Have you ever felt you were living your life teetering on the precipice of a very steep cliff? And, if you were to fall off the cliff, it would mean losing yourself to an extreme from which you weren’t sure you could return? It’s a very scary place. It’s what I’m living right now. I’m caught balancing between my rational and my emotional self. I honestly feel like I’m going to fall, fall so far that I will no longer recognize myself.
My entire life I’ve focused on achieving goals. I was a student with high standing. I was active in the school community. I graduated from elementary school, high school, college and university with honours. I won awards. I started working in my field only a few short days after I graduated. I married my high school sweetheart. We built, not one, but two homes together, from the ground up. Our plan was to be married five years before we had children. I swear I got pregnant on our fifth anniversary. Now I have two beautiful, wonderful sons. Along the way, I’ve steadily moved up the career ladder of my choice. I’ve achieved all of the goals I set out to achieve up to this point. Now I stand, just a few years into my 30’s and I have no sense of direction. My life has been defined by the pursuit of goals. Without them, I’m lost. I don’t know where I’m going and that’s a scary feeling.
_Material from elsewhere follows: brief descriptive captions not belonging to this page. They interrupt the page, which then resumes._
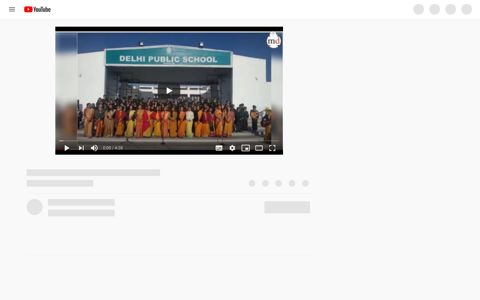 dps haridwar delhi public school ranipur haridwar ... - YouTube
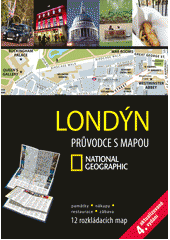 Londýn - Průvodce s mapou National Geographic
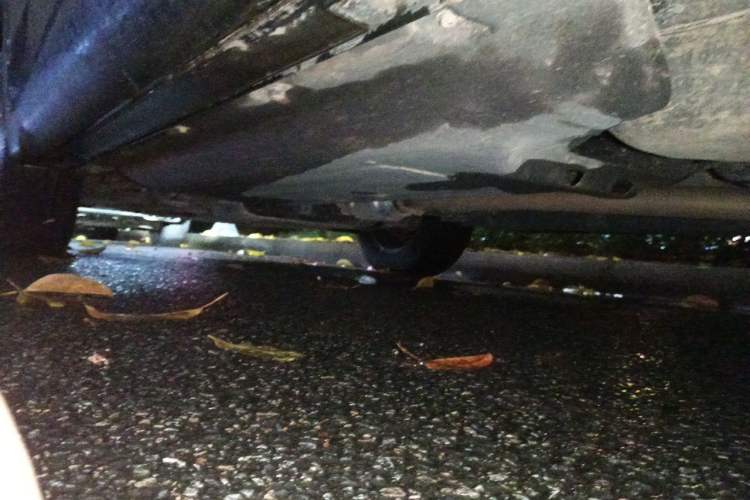 Used Hyundai Tucson 2025 Tucson L 1.5T Prestige Edition Chassis Rear Left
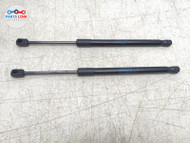17-22 LAND ROVER DISCOVERY LEFT RIGHT HOOD BONNET SHOCK SUPPORT SPRING SET L462 #LD020523
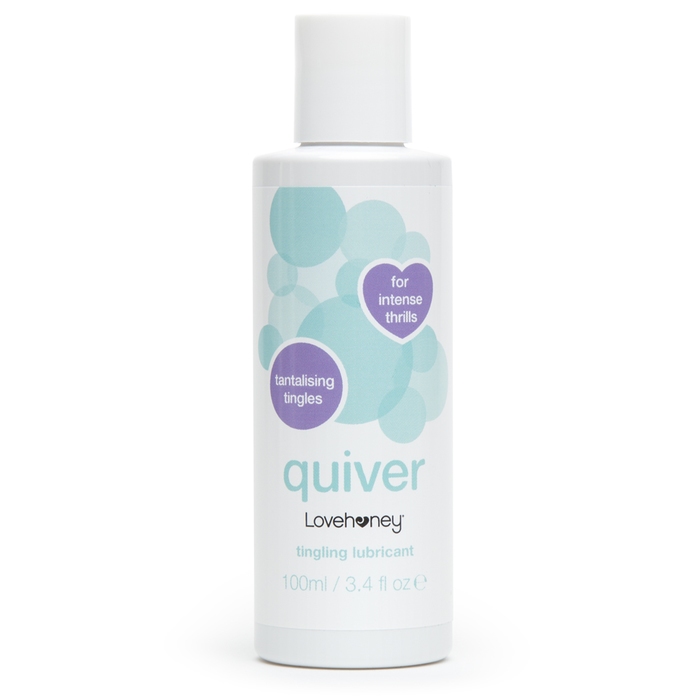 Lovehoney Quiver Tingling Lubricant 100ml - Lovehoney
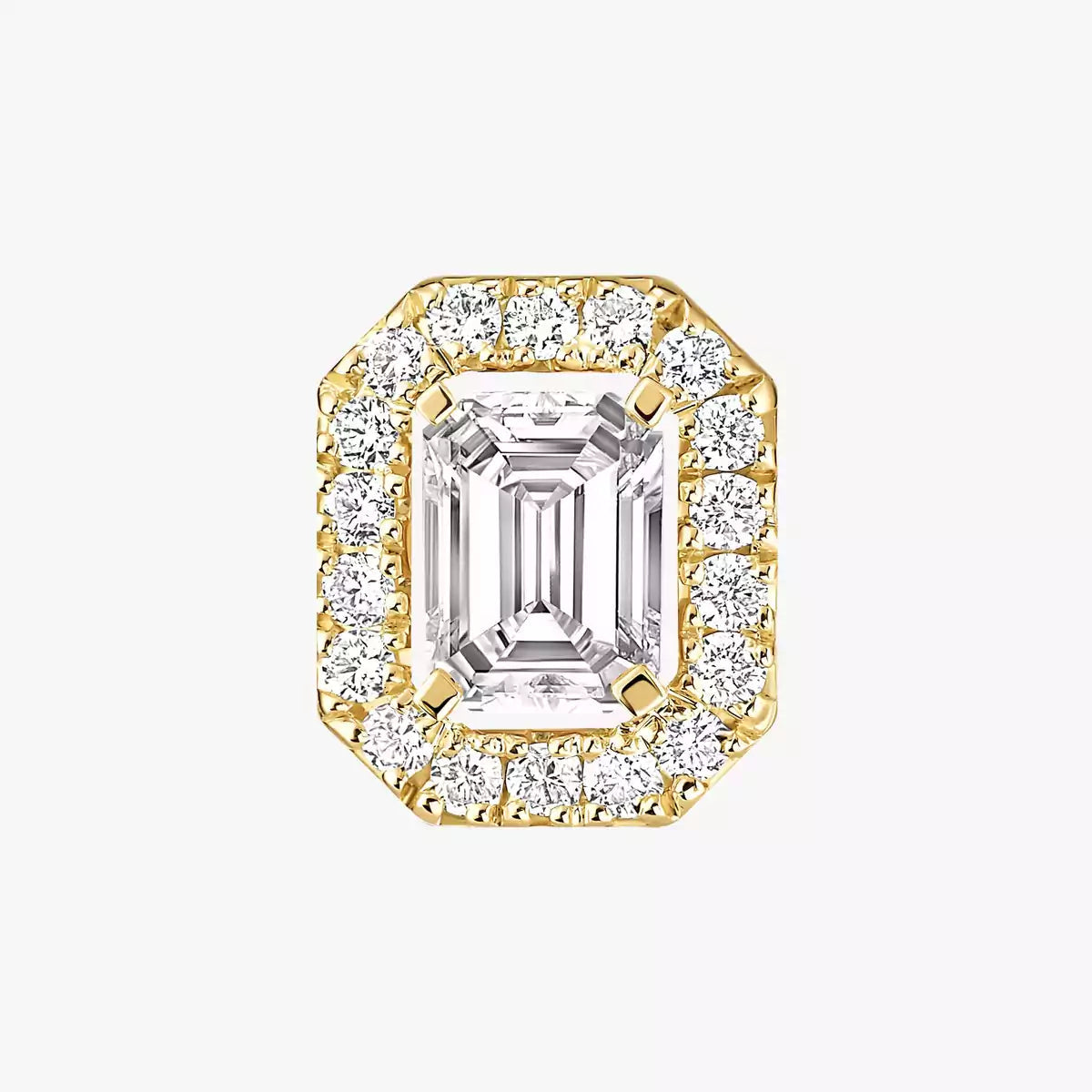 [ECHO]Diamond Earrings 0,10ct My Twin 1+2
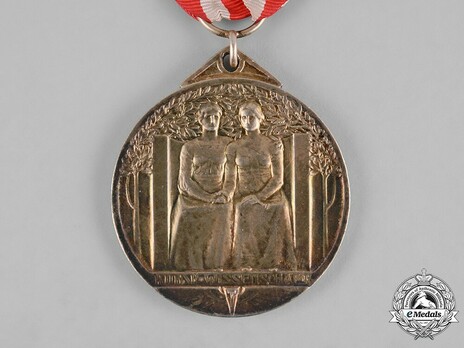 Medal of Merit for Art and Science in Silver Obverse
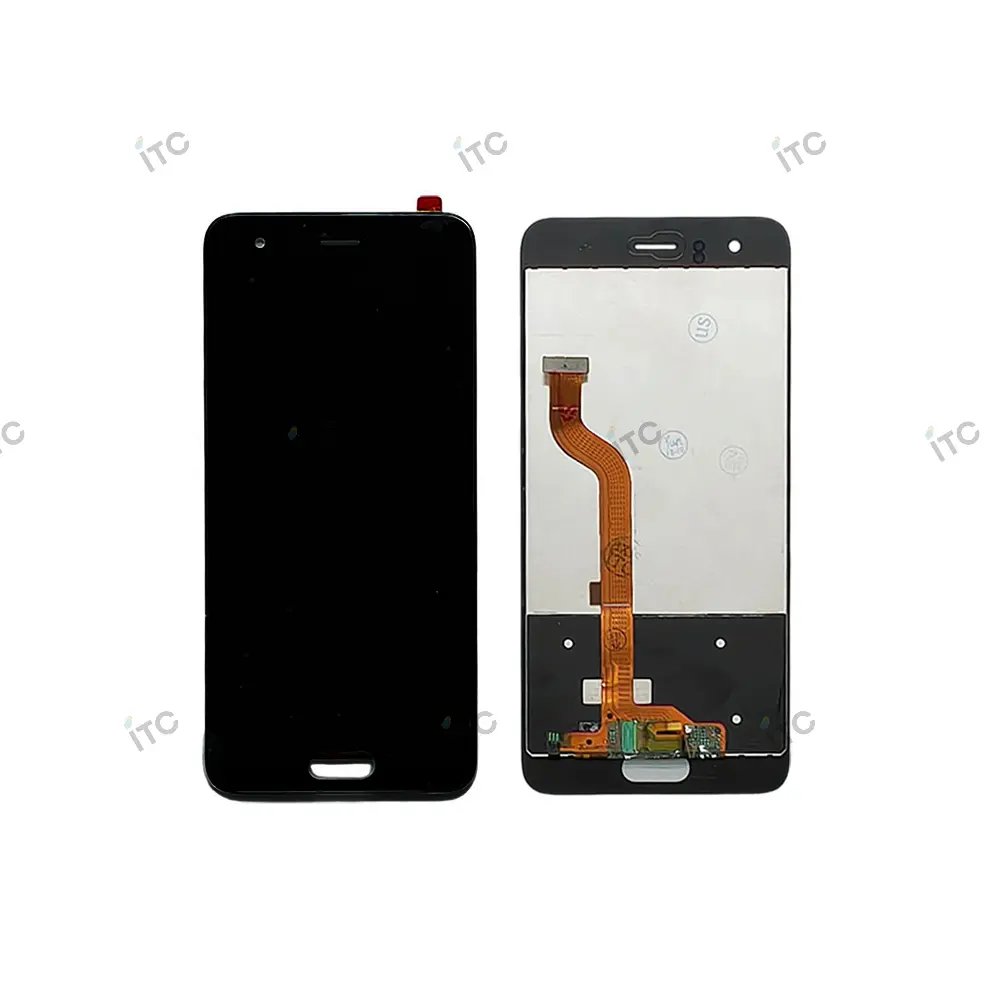 HUAWEI honor 9 フロントパネル ブラック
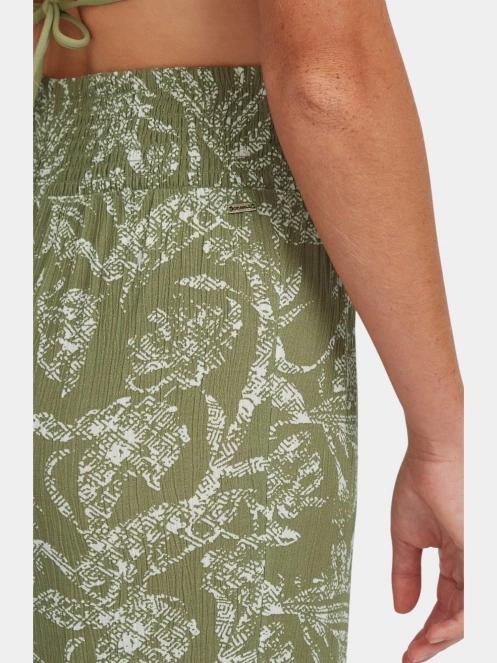 pantaloni lungi pt. femei O'Neill Johnny Smocked Waist Pants verde 6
But it’s bigger than this, much, much bigger. I’m only just discovering what it is. I recently experienced a very profound moment of pure clarity. It was powerful beyond anything I can explain. Ever since I had my children I’ve found myself floundering, unsure for the first time in my life. Parenthood has been overwhelming for me. I feel my responsibility and connection to my children intensely and yet, at the same time, I feel disconnected from myself. I’ve had trouble understanding it. It causes me immeasurable guilt and frustration. But I know it’s root now, it comes from being a motherless mother. I’ve written about this before, how my parenting is affected by the fact that I lost my mother at such a young age. Now that I’ve become a mother, I recognize just how profoundly that loss has affected me. I know now what I have been missing. In some ways, it’s been my undoing. Until now, I’ve underestimated its impact.
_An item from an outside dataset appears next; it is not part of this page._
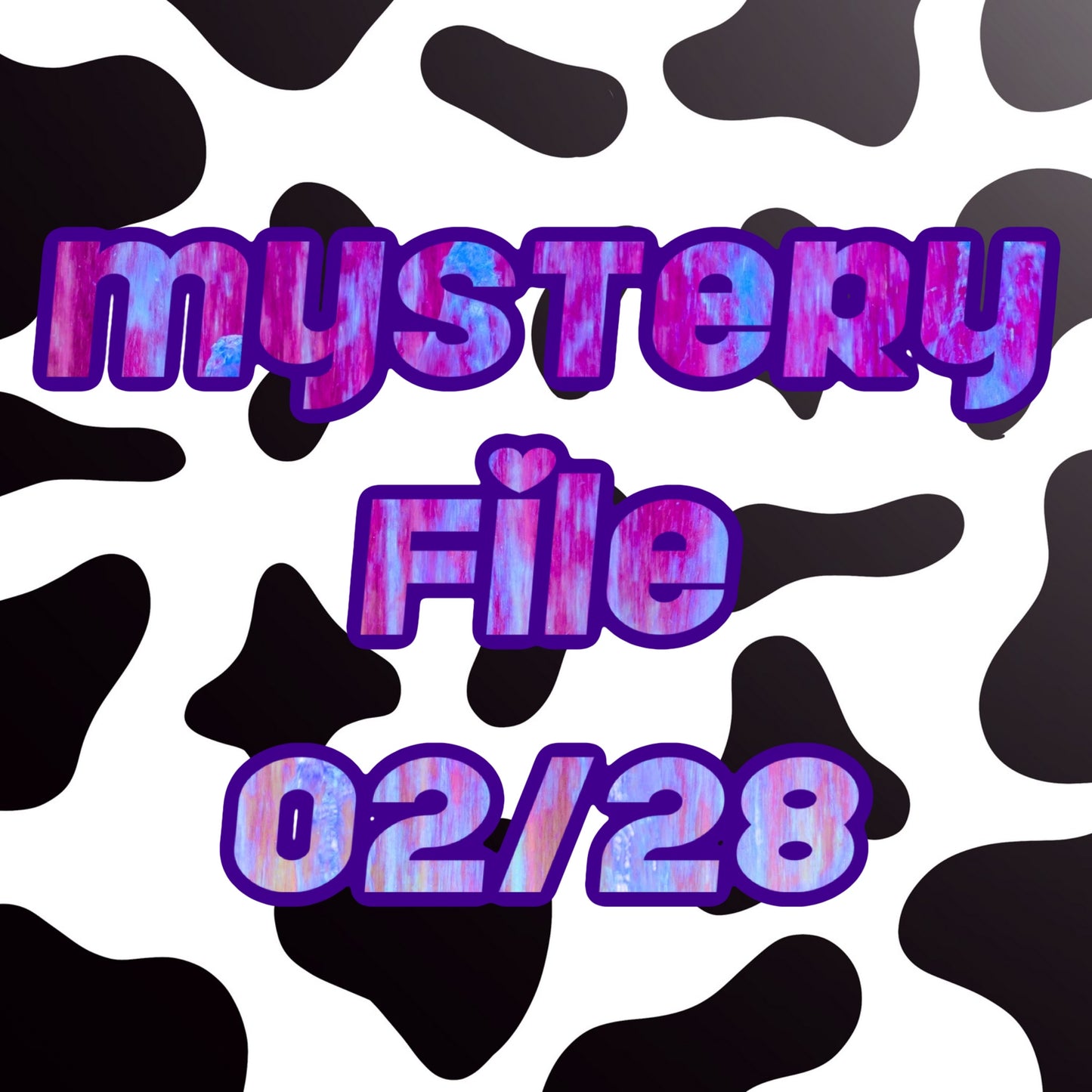 Mystery File 3/17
So now, I find myself balancing on a temperamental cliff. My self, the core of my being, is caught between two halves of myself. My rational, goal attaining, responsibility driven, in control of my life self. The self that took over for me when I lost my mother. The self that helped me to survive when all I could do was survive is waring with my emotional self. The self that is profoundly me. The self that shows me comfort, that allows me to be the mother I want to be, the self that will better balance the anxiety and overwhelming expectations I place on myself. I’m living just between the two and I’m terrified that, at any moment, I’ll completely lose myself to one. It physically feels like I am tipping.
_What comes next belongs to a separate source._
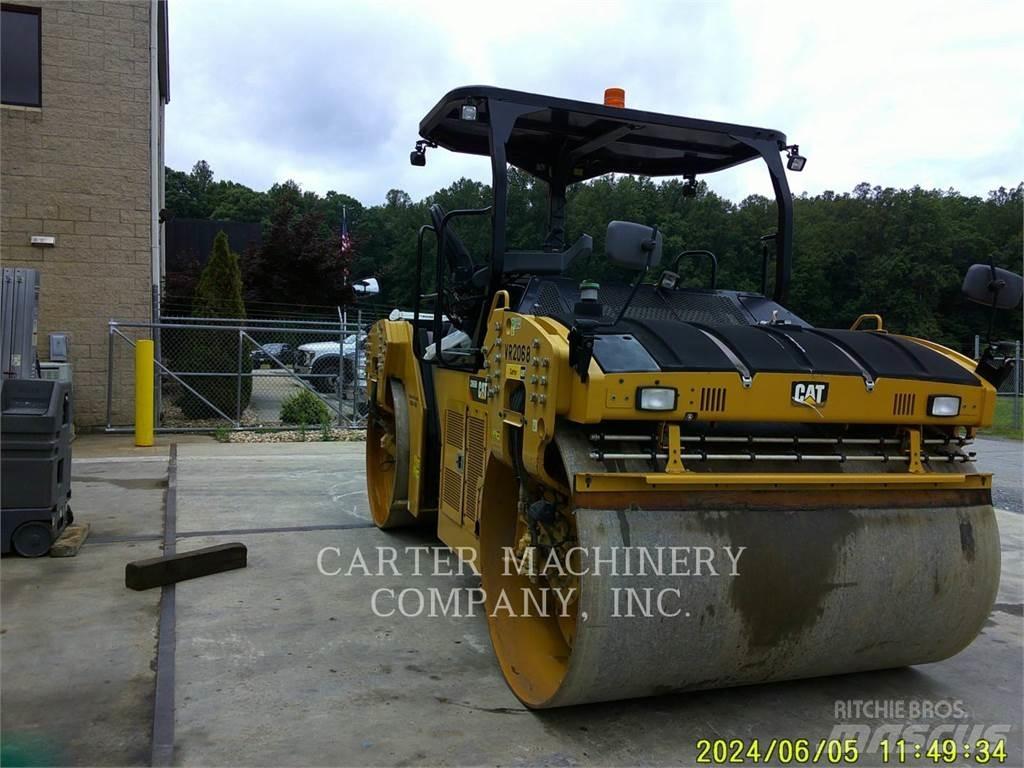 CAT CB66B Asfalt üretim tesisleri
Now that I see it, now that I recognize it, I’m trying to allow myself to feel it, to fully understand this place. I’m trying to find a way to give each permission to be a part of me, to allow each to have their place. I’m crying lots, I’m confused and overwhelmed lots. I struggle almost every day. I think, though, that this is the path I must travel. It’s a bit like what we do for our children when they get a cut or scrape. We acknowledge the pain, we let them cry, and then we kiss it and encourage them to pick themselves up and move on. If I feel it fully, discover both parts of my core completely, and somehow find a way for them to exist together, then maybe, just maybe, I can find the path to healing. I have to. I’m desperate for the peace that I hope will come with it.